The growing number of older adults with memory loss means that most people at some point will encounter age-related dementia, either within their immediate family or someone they know, said Jenna Herbig, regional care coordinator with the Alzheimer’s Association in St. Cloud.
“It doesn’t just affect that person who’s diagnosed. It also affects their family and friends,” she said.
According to 2012 estimates, Kandiyohi County is home to 825 older adults with Alzheimer’s disease or related dementia. About 125 of them live alone.
How should the community respond, so that people receive appropriate care and the financial, social and human costs are less burdensome?
That’s the goal of the ACT on Alzheimer’s team, which has been meeting since the beginning of the year to identify issues and priorities and come up with a plan. The group’s work is being funded with a two-year grant from Blue Cross and Blue Shield of Minnesota and the Medica Foundation.
Carruthers said the coalition spent several months conducting interviews with a cross-section of families, providers and community representatives. Key issues that emerged were a need for caregiver support, education and overall public awareness.
The forums were a final step in collecting input that will help determine one or two specific priorities for the coalition to work on.
“What do we want to accomplish? You are going to have some say in that,” Carruthers said.
Coalition members will have a considerable volume of comments to weigh from the public forums.
At one table, people talked about how to address reluctance to screen individuals for Alzheimer’s and the need for a nonthreatening message.
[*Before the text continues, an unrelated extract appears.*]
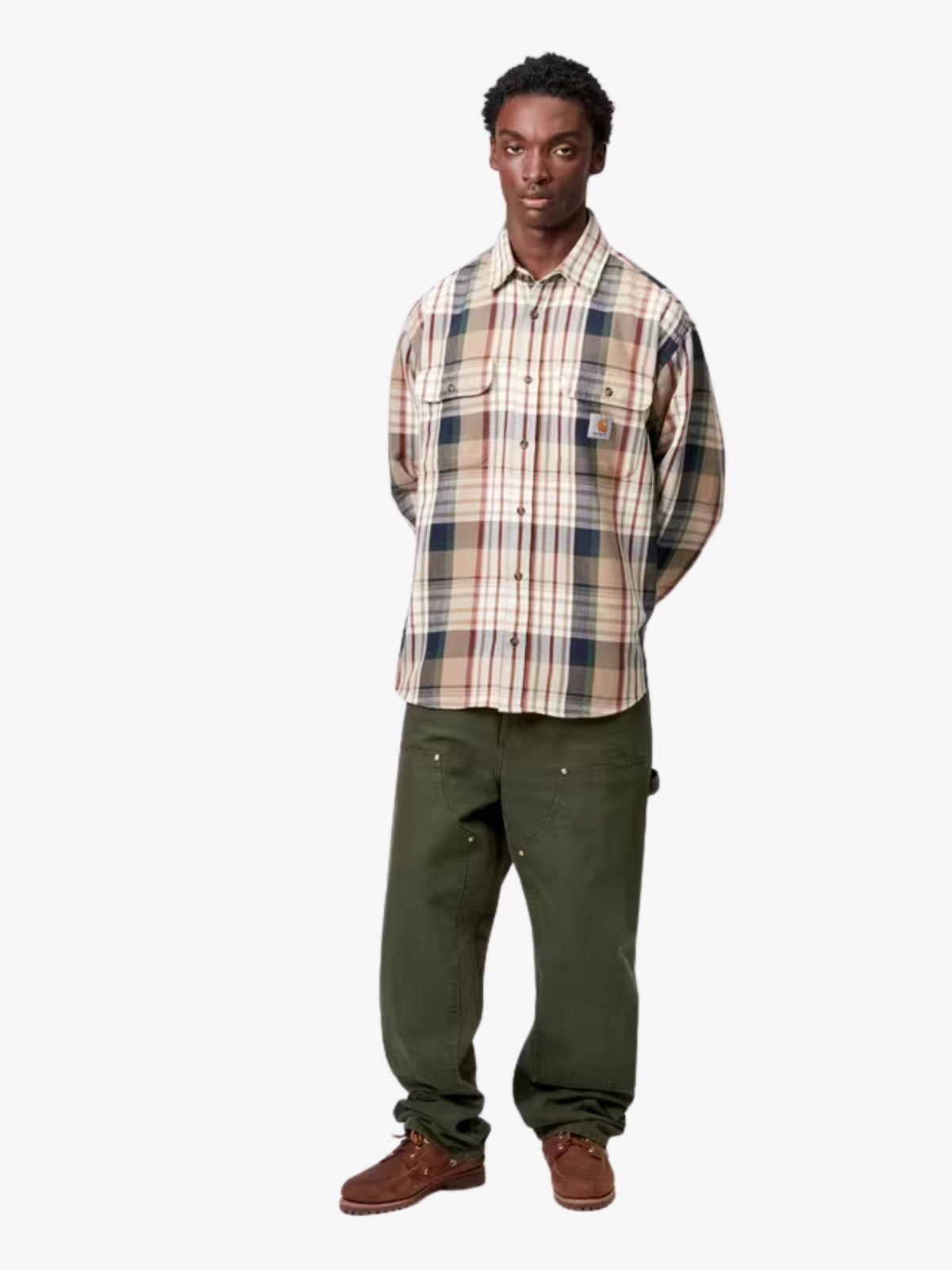 Carhartt Wip Double Knee Pant | Olive Stone Canvas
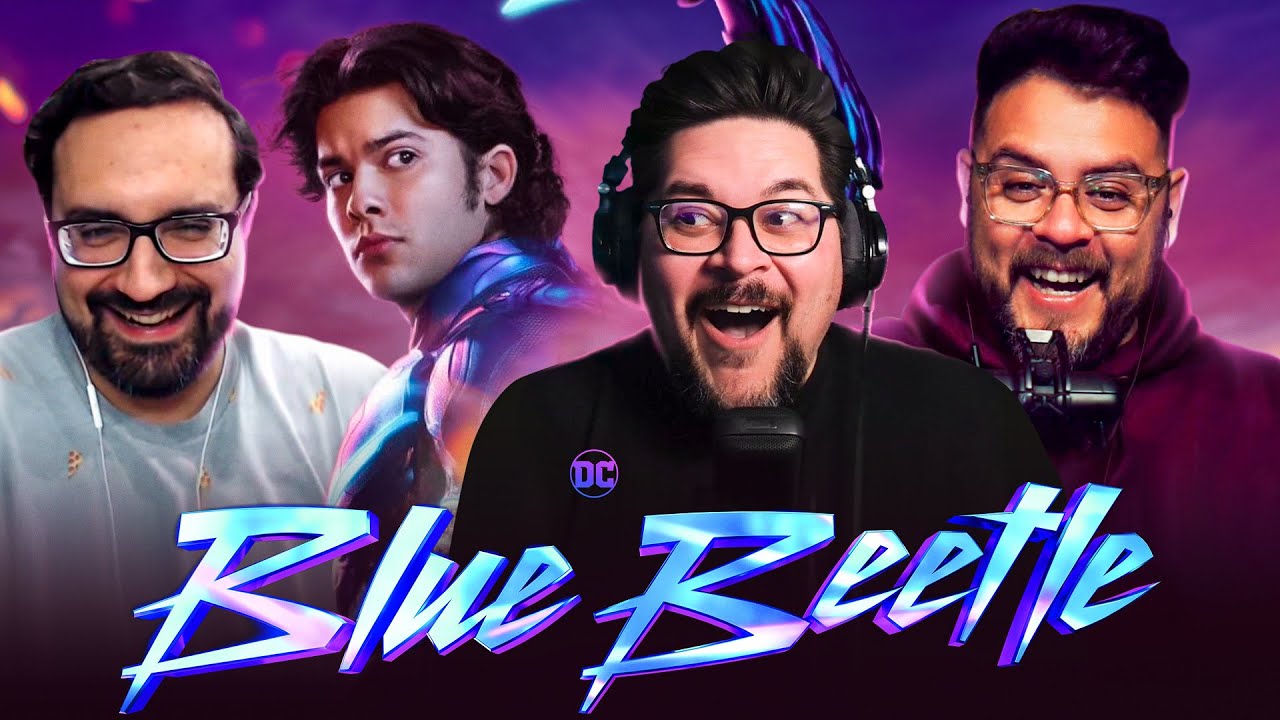 BLUE BEETLE (2023) IS HILARIOUS AND HEROIC! Movie Reaction • First Time Watching • DC Universe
Elsewhere, participants wondered if Alzheimer’s could someday acquire the same marketing cachet as breast cancer.
A common theme was the struggle to connect people with available resources when they need them.
“We have a county rich in resources. We’re learning a lot of people don’t know how to access our resources,” Carruthers said.
Results based on the interviews and public forums will be compiled and shared with community this summer. A final plan must be submitted to the state in July, with implementation starting in early fall.
Carruthers urged the forum participants to spread the word and to consider volunteering with the ACT on Alzheimer’s team to help move the process forward.
“Numbers count. It’s people power,” she said. “There’s momentum in this. This is just the beginning.”